━━━ Available data

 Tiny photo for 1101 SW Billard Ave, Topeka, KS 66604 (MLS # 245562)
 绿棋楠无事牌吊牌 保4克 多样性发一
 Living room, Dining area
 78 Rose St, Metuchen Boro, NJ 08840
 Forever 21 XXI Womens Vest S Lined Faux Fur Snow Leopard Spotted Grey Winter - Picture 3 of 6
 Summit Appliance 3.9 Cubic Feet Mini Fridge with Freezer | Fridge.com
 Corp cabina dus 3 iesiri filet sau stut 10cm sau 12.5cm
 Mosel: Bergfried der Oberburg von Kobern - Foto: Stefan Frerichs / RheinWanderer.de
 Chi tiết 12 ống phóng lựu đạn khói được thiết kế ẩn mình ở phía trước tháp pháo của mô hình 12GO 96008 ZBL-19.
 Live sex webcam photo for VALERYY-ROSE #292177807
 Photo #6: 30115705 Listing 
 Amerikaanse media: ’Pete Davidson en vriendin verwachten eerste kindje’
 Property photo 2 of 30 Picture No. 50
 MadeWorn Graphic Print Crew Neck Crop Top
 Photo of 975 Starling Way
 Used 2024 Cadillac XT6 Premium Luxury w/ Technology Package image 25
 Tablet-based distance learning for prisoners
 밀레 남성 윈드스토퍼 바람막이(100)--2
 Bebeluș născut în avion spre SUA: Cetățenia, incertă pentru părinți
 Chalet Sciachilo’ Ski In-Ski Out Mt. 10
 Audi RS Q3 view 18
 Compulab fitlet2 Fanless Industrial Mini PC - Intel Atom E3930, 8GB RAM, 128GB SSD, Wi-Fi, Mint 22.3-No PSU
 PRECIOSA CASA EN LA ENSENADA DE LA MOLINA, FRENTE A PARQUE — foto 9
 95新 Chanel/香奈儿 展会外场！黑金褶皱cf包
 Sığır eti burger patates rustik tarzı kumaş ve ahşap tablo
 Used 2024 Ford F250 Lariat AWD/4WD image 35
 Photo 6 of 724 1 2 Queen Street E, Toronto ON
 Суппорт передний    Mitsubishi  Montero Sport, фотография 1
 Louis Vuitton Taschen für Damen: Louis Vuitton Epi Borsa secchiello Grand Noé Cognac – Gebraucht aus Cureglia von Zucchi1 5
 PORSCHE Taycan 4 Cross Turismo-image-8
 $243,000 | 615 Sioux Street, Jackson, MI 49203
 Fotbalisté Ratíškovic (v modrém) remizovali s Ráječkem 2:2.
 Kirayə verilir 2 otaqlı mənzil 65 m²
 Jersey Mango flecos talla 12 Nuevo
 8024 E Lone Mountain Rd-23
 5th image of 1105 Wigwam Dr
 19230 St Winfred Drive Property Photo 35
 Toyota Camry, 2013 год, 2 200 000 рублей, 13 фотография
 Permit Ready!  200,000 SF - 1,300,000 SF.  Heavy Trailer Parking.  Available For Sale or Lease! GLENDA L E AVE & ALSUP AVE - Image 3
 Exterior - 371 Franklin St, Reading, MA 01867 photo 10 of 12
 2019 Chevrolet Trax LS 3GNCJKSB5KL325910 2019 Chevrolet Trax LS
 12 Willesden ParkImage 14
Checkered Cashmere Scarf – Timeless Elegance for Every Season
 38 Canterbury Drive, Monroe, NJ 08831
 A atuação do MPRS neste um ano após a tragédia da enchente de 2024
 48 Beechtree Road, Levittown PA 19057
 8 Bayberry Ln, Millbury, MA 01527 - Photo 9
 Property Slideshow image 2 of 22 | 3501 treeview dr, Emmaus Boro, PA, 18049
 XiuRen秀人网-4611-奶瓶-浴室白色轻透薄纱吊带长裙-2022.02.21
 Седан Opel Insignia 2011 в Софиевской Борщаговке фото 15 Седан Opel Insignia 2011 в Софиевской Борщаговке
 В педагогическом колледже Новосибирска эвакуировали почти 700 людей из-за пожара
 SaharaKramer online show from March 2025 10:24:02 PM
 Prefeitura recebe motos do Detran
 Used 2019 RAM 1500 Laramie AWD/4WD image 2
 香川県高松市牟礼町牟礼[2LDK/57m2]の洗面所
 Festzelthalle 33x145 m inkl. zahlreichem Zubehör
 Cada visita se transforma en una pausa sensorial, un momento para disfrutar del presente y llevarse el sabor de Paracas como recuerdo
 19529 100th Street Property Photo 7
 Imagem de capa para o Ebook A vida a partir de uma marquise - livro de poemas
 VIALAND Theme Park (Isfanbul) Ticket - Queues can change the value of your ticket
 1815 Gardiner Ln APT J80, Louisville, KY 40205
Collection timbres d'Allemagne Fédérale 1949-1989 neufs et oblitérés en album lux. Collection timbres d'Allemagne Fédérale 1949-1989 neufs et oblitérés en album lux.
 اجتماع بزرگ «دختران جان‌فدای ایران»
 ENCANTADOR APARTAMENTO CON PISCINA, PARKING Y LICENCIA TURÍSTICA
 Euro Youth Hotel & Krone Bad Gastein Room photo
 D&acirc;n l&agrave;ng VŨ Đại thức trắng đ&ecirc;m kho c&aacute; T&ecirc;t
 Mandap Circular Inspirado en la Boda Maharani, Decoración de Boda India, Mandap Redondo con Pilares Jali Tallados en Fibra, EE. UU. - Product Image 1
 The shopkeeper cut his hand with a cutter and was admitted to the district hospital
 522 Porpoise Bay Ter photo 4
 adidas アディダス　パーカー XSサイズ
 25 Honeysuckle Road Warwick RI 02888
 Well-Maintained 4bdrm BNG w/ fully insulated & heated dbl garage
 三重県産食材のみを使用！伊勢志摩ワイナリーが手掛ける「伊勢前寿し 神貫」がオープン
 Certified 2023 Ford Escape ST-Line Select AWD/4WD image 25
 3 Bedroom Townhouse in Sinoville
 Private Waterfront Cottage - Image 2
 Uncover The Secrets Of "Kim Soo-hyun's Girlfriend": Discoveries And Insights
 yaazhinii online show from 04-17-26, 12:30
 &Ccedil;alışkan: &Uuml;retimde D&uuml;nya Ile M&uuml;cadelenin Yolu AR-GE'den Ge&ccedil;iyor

━━━━━━

> _The problem_
The line containing "Well-Maintained 4bdrm BNG" marks the start; retype it and each line after it through the end of the records above, exactly.

> _Result of the exercise_
 Well-Maintained 4bdrm BNG w/ fully insulated & heated dbl garage
 三重県産食材のみを使用！伊勢志摩ワイナリーが手掛ける「伊勢前寿し 神貫」がオープン
 Certified 2023 Ford Escape ST-Line Select AWD/4WD image 25
 3 Bedroom Townhouse in Sinoville
 Private Waterfront Cottage - Image 2
 Uncover The Secrets Of "Kim Soo-hyun's Girlfriend": Discoveries And Insights
 yaazhinii online show from 04-17-26, 12:30
 &Ccedil;alışkan: &Uuml;retimde D&uuml;nya Ile M&uuml;cadelenin Yolu AR-GE'den Ge&ccedil;iyor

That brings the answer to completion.